I am trying to understand some interesting layer 2 behavior that occurred when pruning a VLAN.
The topology is a 3750 stack uplinked to a 6509 and 4006 via 1gb fiber ports configured for dot1Q trunking. The 6509 and 4006 are also connected by a trunk. Initially VLAN 10 was allowed on all trunks, and Spanning Tree was blocking the 3750 port to the 6509. The 4006 is the root bridge.
The original problem was intermittent packet loss on VLAN 10. No port errors or other obvious issues. Other VLANs using the 6509 link were error free. To force VLAN 10 traffic to use the 6509 link, the 4006 trunk port was pruned to clear VLAN 10. As expected VLAN 10 then used the 6509, and no errors were seen, at least not initially. After an hour or so, 3 IP phones (out of 100 plus on the stack) started resetting every few minutes.
Observing traffic counters it became clear that VLAN 10 traffic was looping in one direction.
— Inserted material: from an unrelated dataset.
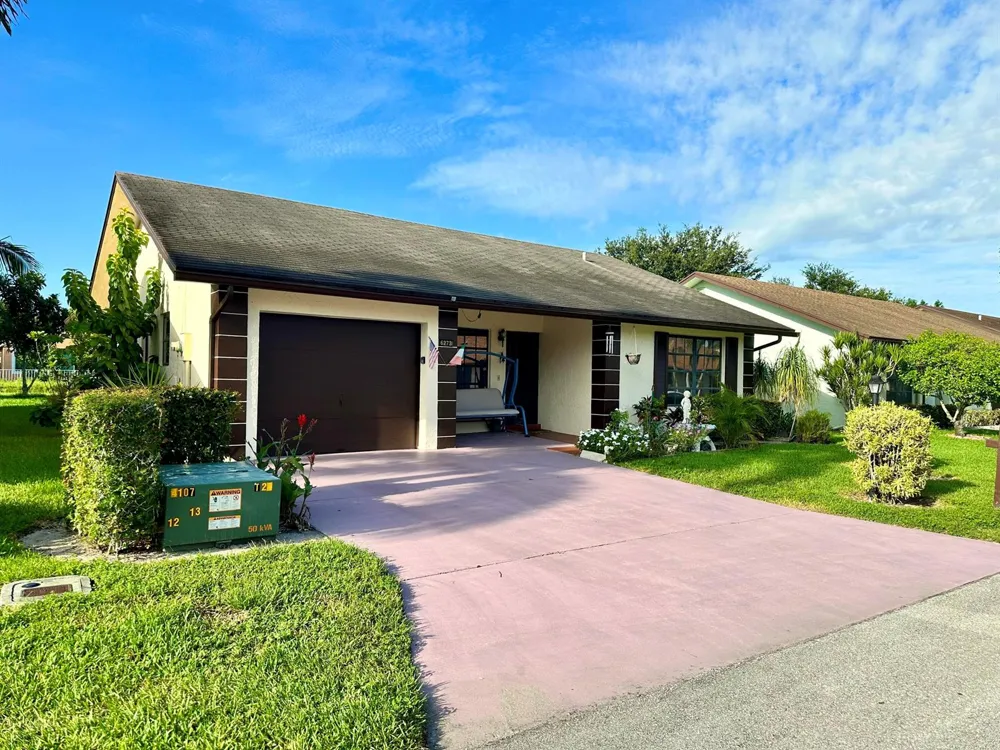6273 Tall Cypress Circle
The outbound utilization on the 6509 matched the inbound on the 4006. The inbound utilization on the 4006 was about 10 times the outbound. A Sniffer SPAN'd to the port did not show this asymmetry. At that point the 3750 trunk to the 4006 was also pruned to not allow VLAN 10, resulting in the loop being broken and traffic returning to normal.
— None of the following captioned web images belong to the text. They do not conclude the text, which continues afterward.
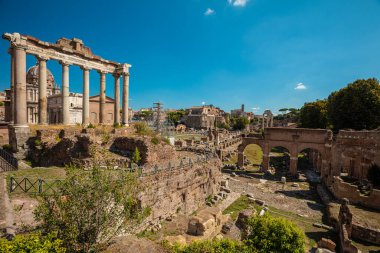 Roma Forumu, Roma, İtalya 'da kemerler ve sütunlar. Tarihi eserlerin antik kalıntıları. Colosseum ve Palatine Hill yakınlarındaki Foro Romano..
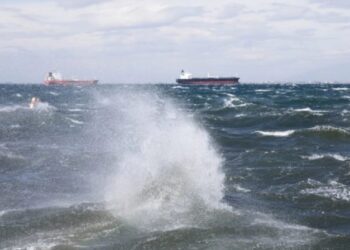 Fundoset anija tregtare në Egje, asnjë gjurmë nga ekuipazhi –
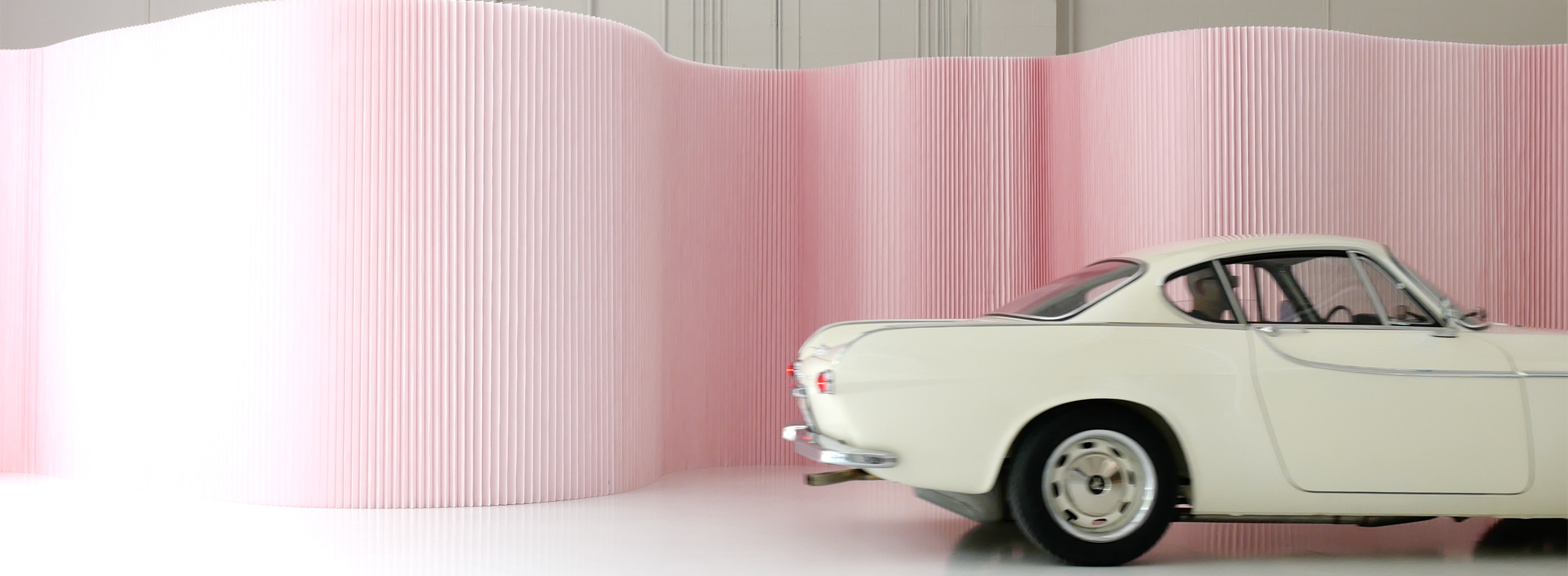 softwall, pink patition, flexible backdrop wall, vintage Volvo P1800, molo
The looping traffic was not Ethernet broadcasts which the Sniffer would have seen, so I am thinking it was VLAN 10 PVST BPDUs, but why would the 4006 that was the root for VLAN 10 not discard BPDUs that it had originated? Or will a port SPAN session on a trunk not show inbound traffic on a pruned VLAN that is actually being forwarded by the switch. Unfortunately I did not put the Sniffer on the 6509 port.
Clearly, when pruning VLANs, both sides of a trunk should match, but what happens when only one side is pruned? Shouldn't the pruned trunk block that VLAN in both directions?
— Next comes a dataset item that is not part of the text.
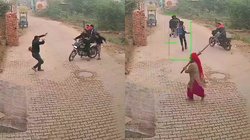 घर के बाहर खड़े शख्स पर हुई फायरिंग तो झाड़ू लेकर दौड़ पड़ी महिला, भागने पर हुए मजबूर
It should block if it is pruned on one side , we have huge setup similar to yours and thats what we have in a client/server environment. Is is possible you have a dirty uplink or crosslink that could be causing spanning tre to flap . If its a fiber environment you should think about using UDLD if you aren't already. Also ceck your version of code on the 4006 , I know in earlier 6.X codes there was any issue where nodes in a vlan would just stop talking to each other for no reason . Check for any topology changes during the problem time .
CSCdt80707 Bug Details Bug #1 of 2 | < Previous | Next >
Partial loss of connectivity on a 4006 switch.
On a Catalyst 4006 with a SupII switch engine, switch ports in the
same VLAN may lose connectivity with one another.
The loss of connectivity results in a VLAN appearing to be partitioned
into several isolated segments. A host may be able to ping one set of
devices in its VLAN, while it can not ping another set of devices in
the same VLAN.
This loss of connectivity is independent of the slot that a linecard
is installed in, i.e. the same set of ports on a given linecard are
affected regardless of the slot that the linecard is installed in.
The workaround is to reset the switch.
This problem has a software work-around in versions 5.5(7), 6.1(3), 6.2(1)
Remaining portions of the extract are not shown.